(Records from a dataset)
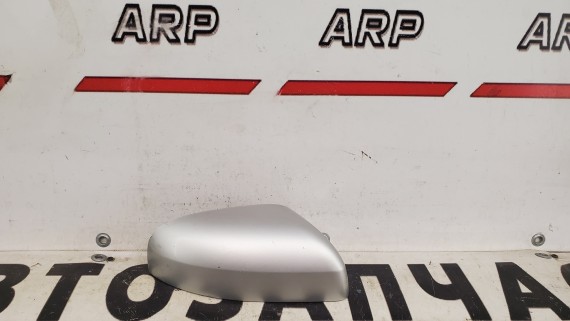 Крышка зеркала правая Volvo S60 2004-2006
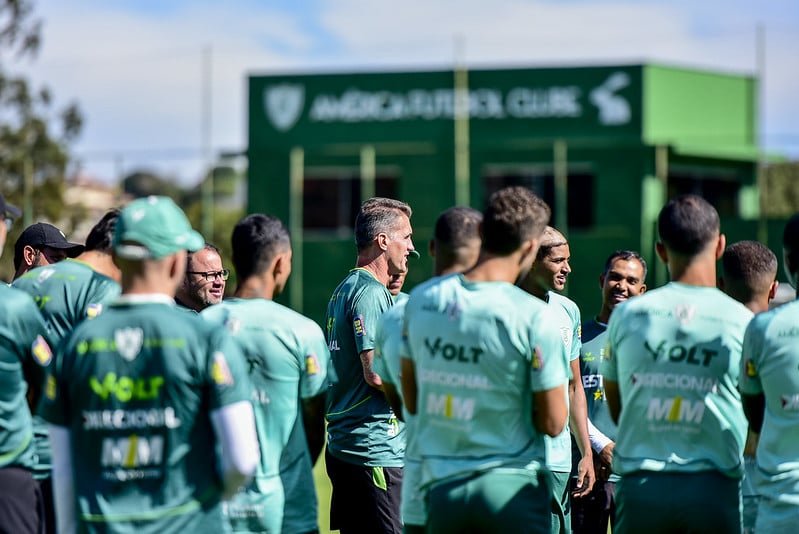 Vagner Mancini comanda treino no América-MG (foto: Mourão Panda/América)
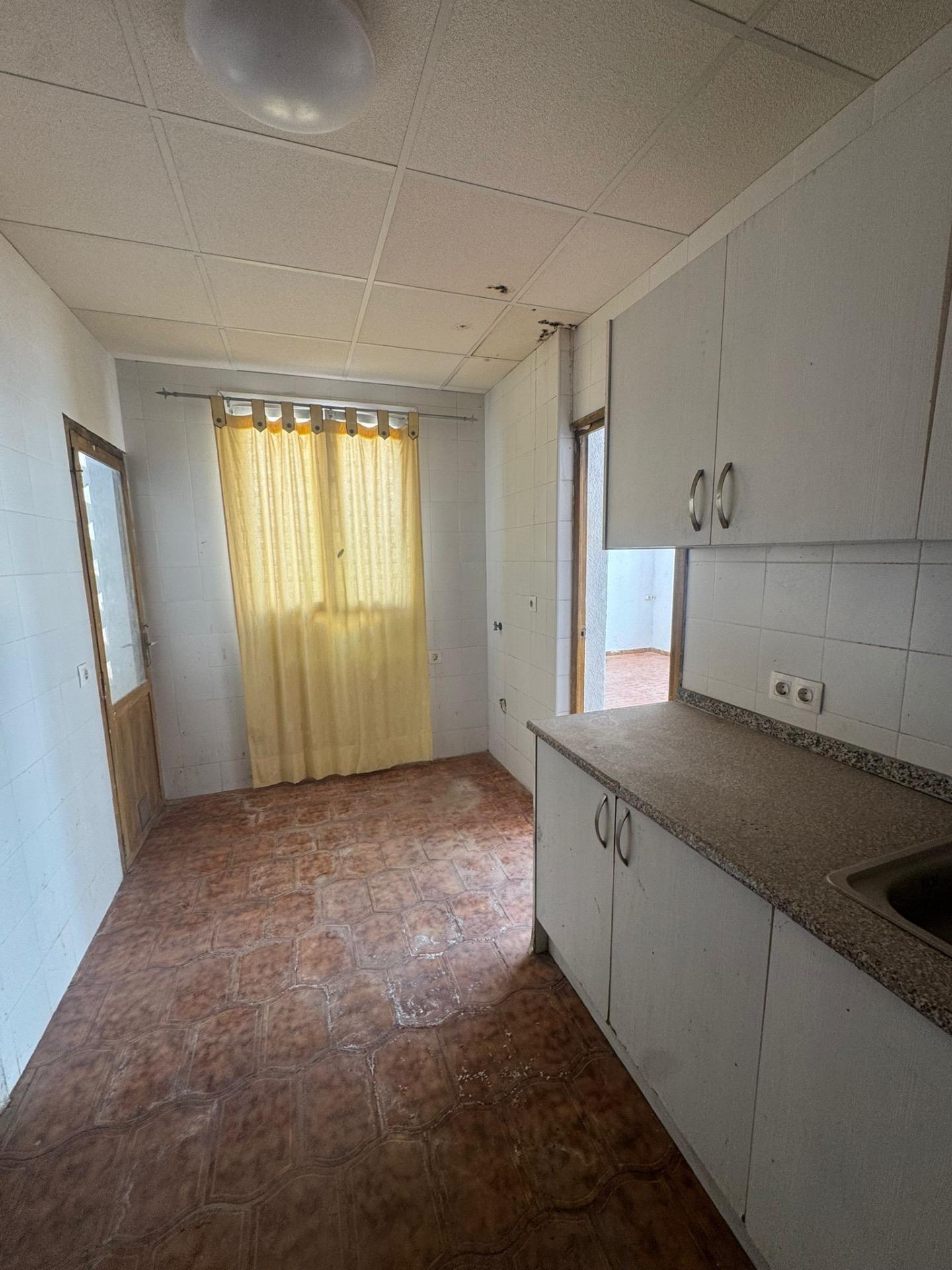 5-Bedroom Apartment in Guardamar del Segura - Image 24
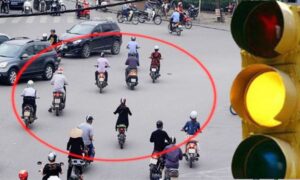 lỗi vượt đèn vàng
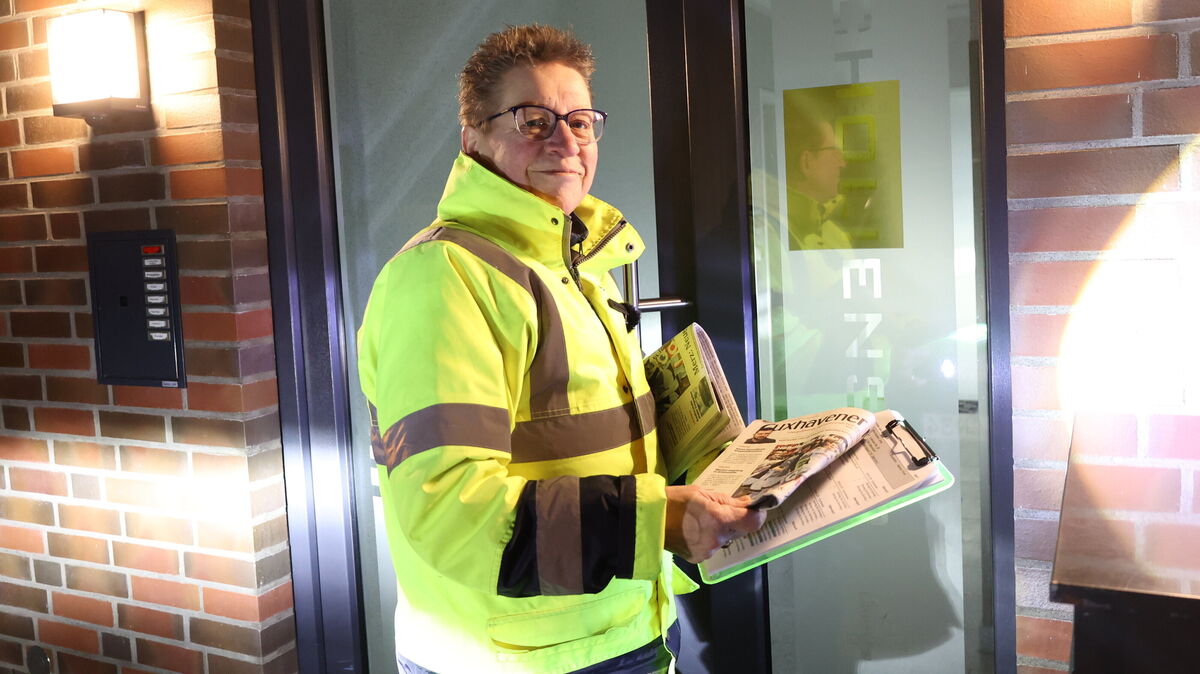 Wenn die meisten noch schlafen, steht Astrid Fürst bereits vor den Briefkästen unserer Zeitungsleser. Foto: Märthe Werder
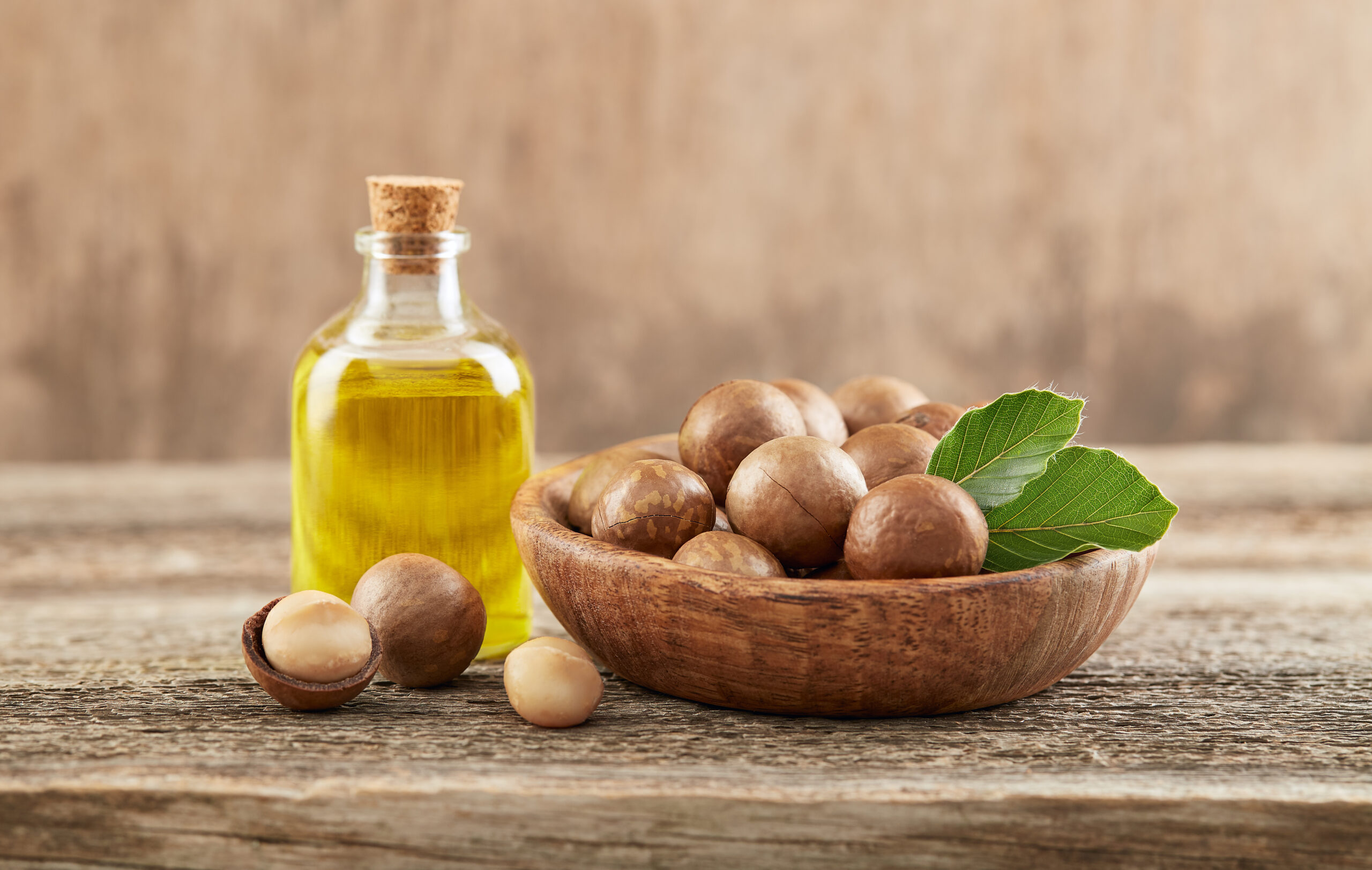 Andiroba oil in bottle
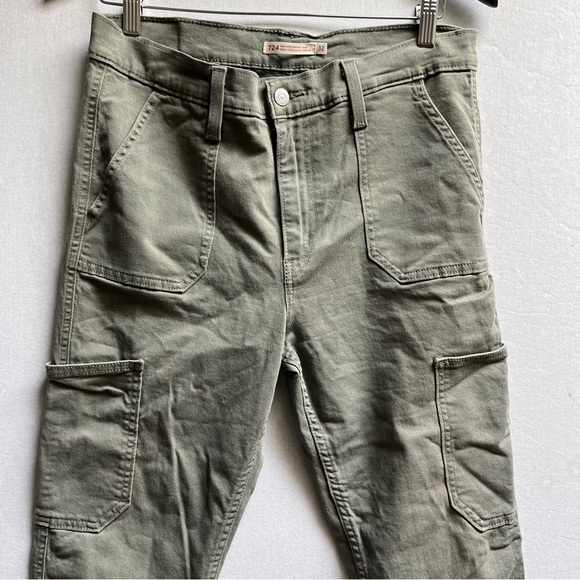 Levi’s 724 High Rise Straight Crop Olive Cargo Pants Sz 32 - Picture 2 of 12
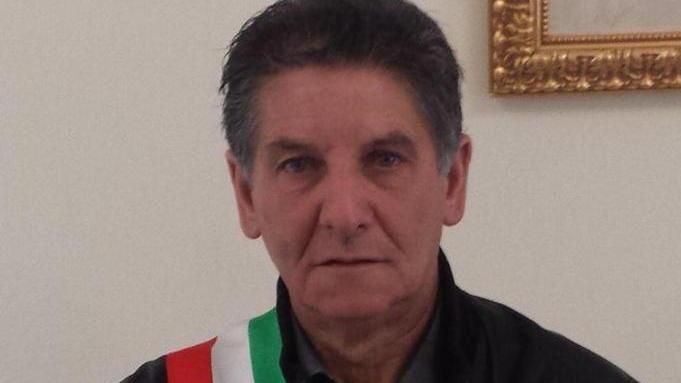 Nuova statua A Vagli un omaggio ai paracadutisti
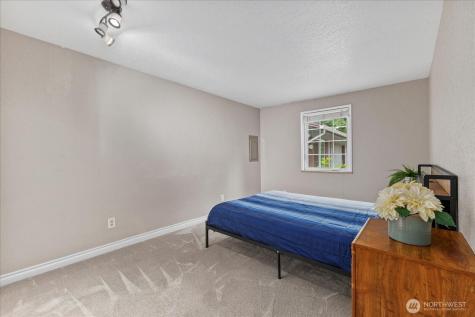 29832 Kent Black Diamond Road SE Kent WA 98042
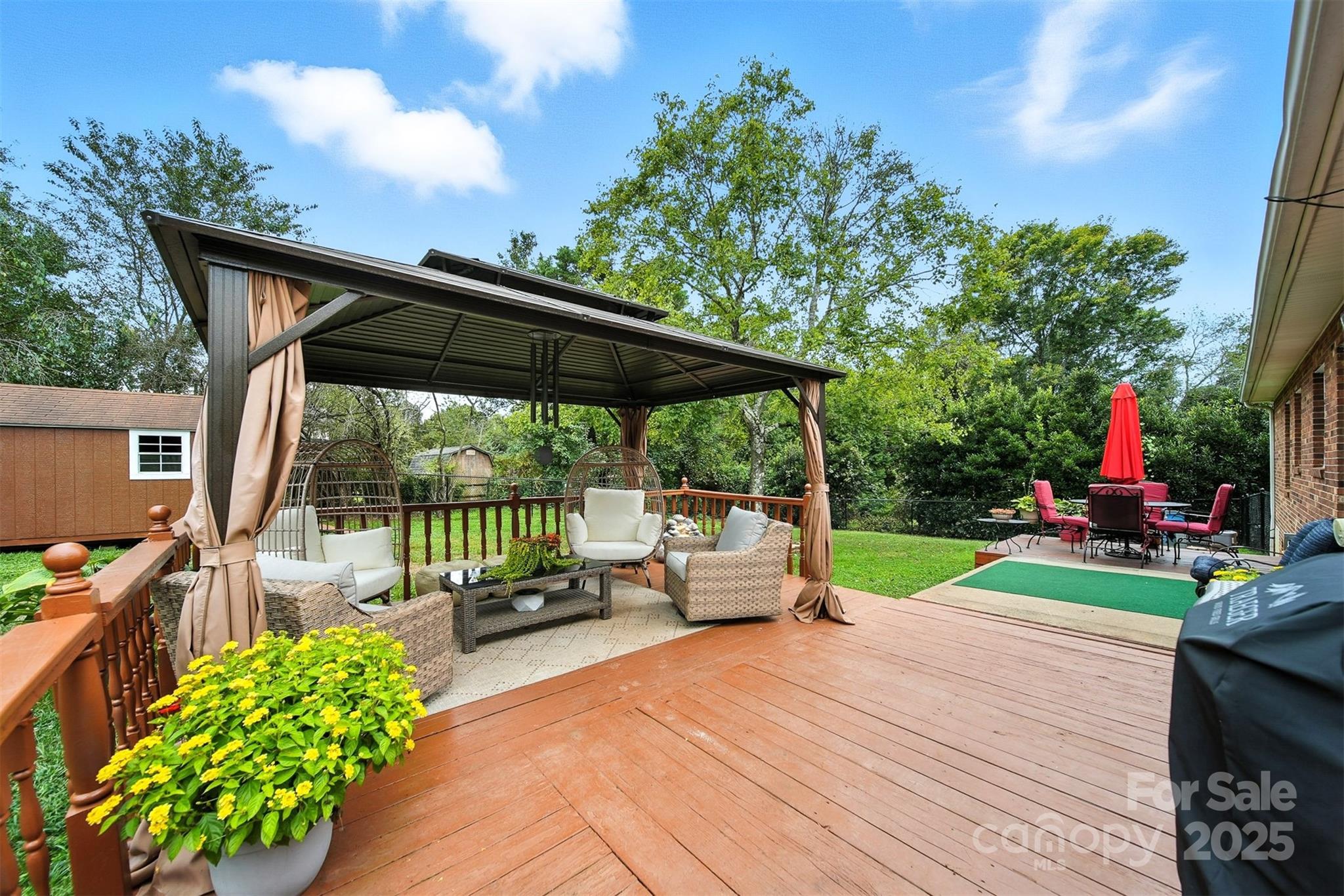 5647 Valley Field Road Southeast Hickory, NC 28602 - Photo 23 of 28 Gallery Image 23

- **HOW TO COMPLETE THIS TASK**
Repeat every entry above precisely, leaving each picture out.

- **OUTPUT OF THE EXERCISE**
 Крышка зеркала правая Volvo S60 2004-2006
 Vagner Mancini comanda treino no América-MG (foto: Mourão Panda/América)
 5-Bedroom Apartment in Guardamar del Segura - Image 24
 lỗi vượt đèn vàng
 Wenn die meisten noch schlafen, steht Astrid Fürst bereits vor den Briefkästen unserer Zeitungsleser. Foto: Märthe Werder
 Andiroba oil in bottle
 Levi’s 724 High Rise Straight Crop Olive Cargo Pants Sz 32 - Picture 2 of 12
 Nuova statua A Vagli un omaggio ai paracadutisti
 29832 Kent Black Diamond Road SE Kent WA 98042
 5647 Valley Field Road Southeast Hickory, NC 28602 - Photo 23 of 28 Gallery Image 23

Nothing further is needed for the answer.